10.1 Essential Reading

NASA GSFC-HDBK-8007 - fault management strategies.
Space Mission Engineering - operations and mode design.

10.2 Video Resources

Mission operations talks (CubeSat conferences).

10.3 Tools & Documentation

Graphviz: render state machine diagrams.
jq: inspect telemetry traces.

P11-fdir-watchdog-the-dead-mans-switch.md - fault triggers.
P13-full-mission-simulator-the-digital-twin.md - integration.

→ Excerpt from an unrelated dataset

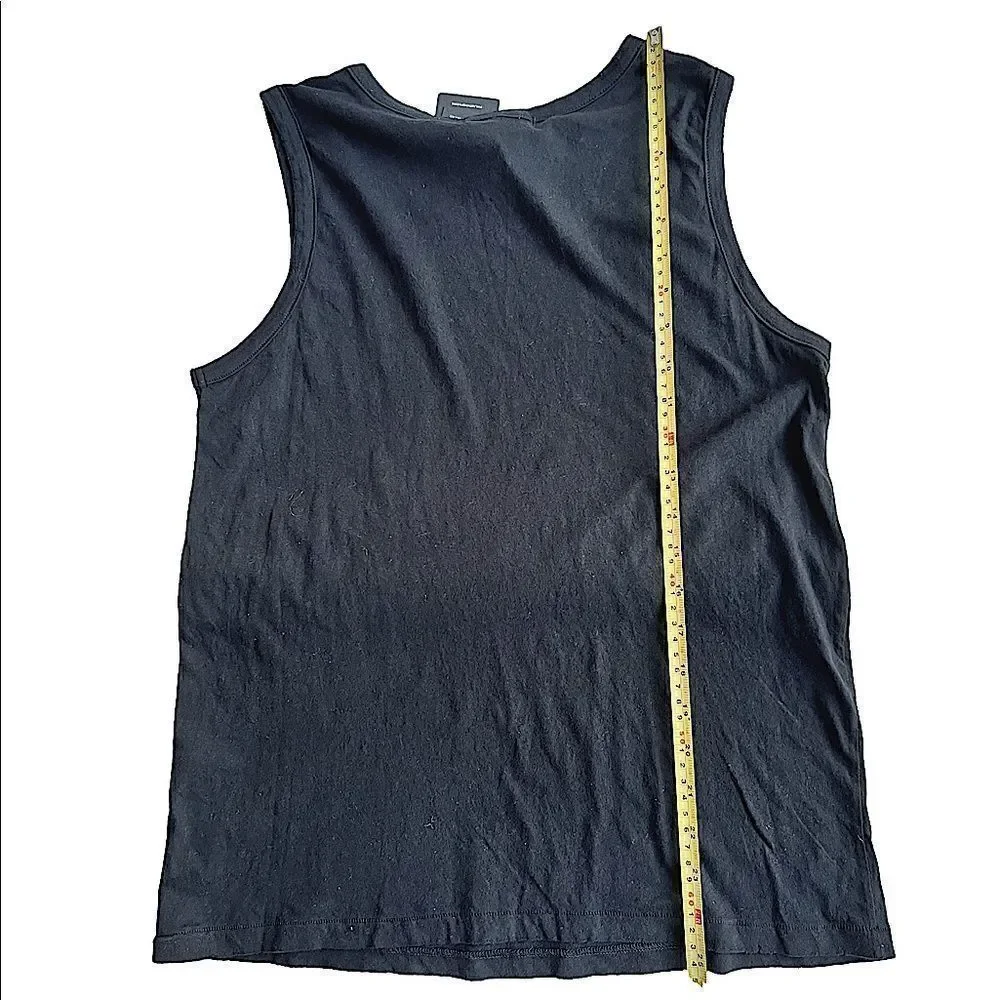 N:PHILANTHROPY Black Edith Tank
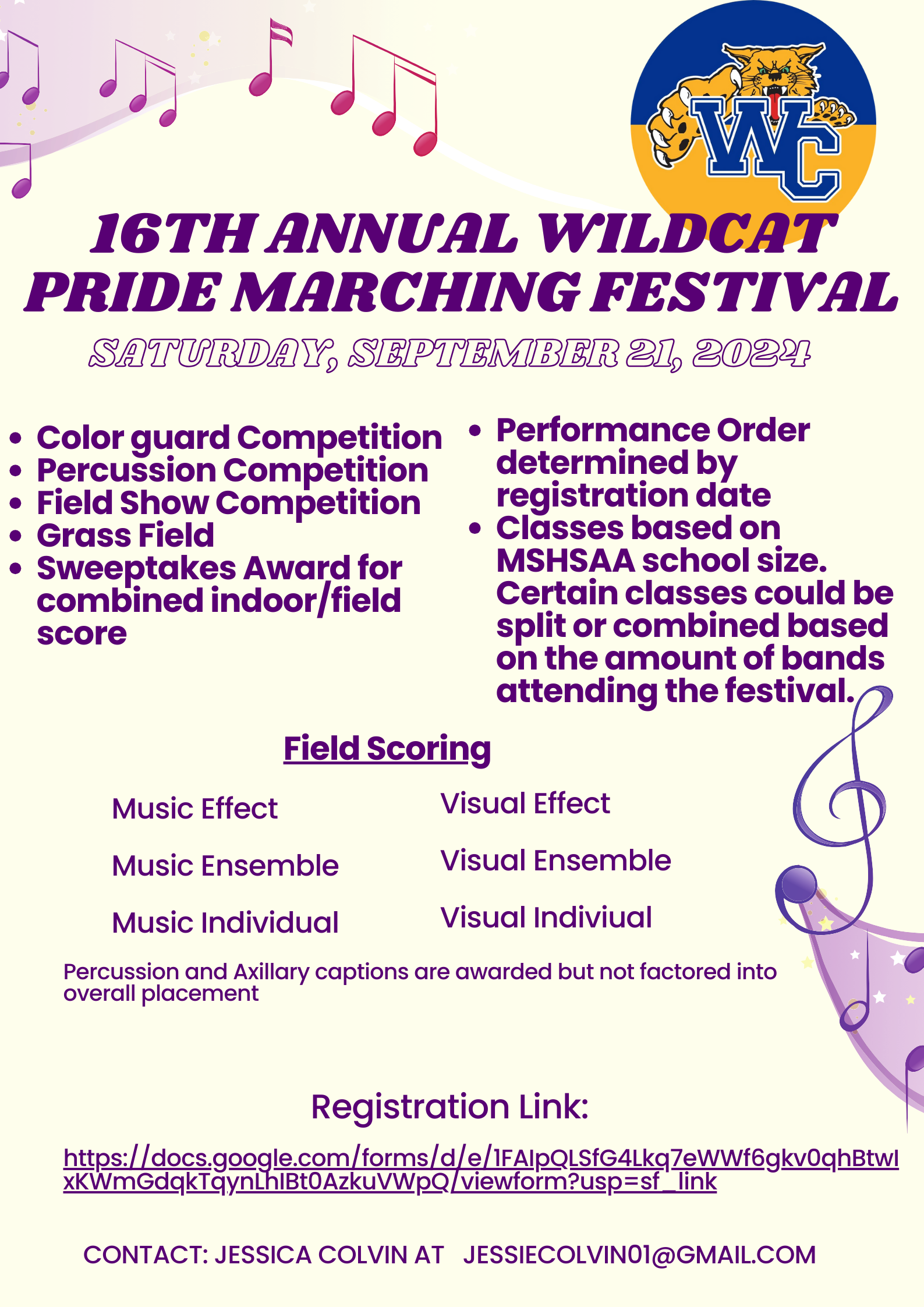 Wright City Invitational Flyer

11. Self-Assessment Checklist

11.1 Understanding

I can explain why hysteresis is critical for mode stability.
I can describe the safety invariants enforced by SAFE mode.
I can reason about command gating rules.

11.2 Implementation

Deterministic transitions on all traces.
Mode logs include reasons and timestamps.
Gating rejects unsafe commands.

11.3 Growth

I can explain this FSM to a mission operator.
I can propose an improvement to reduce false transitions.

12. Submission / Completion Criteria

Minimum Viable Completion:

Implement SAFE and NOMINAL with threshold logic.
Log transitions with reason codes.
Pass the golden trace test.

Full Completion:

Include SCIENCE mode and command gating.
Add cooldown/hysteresis to prevent thrashing.

Excellence (Going Above & Beyond):

Persist mode state across reboot and implement manual override safeguards.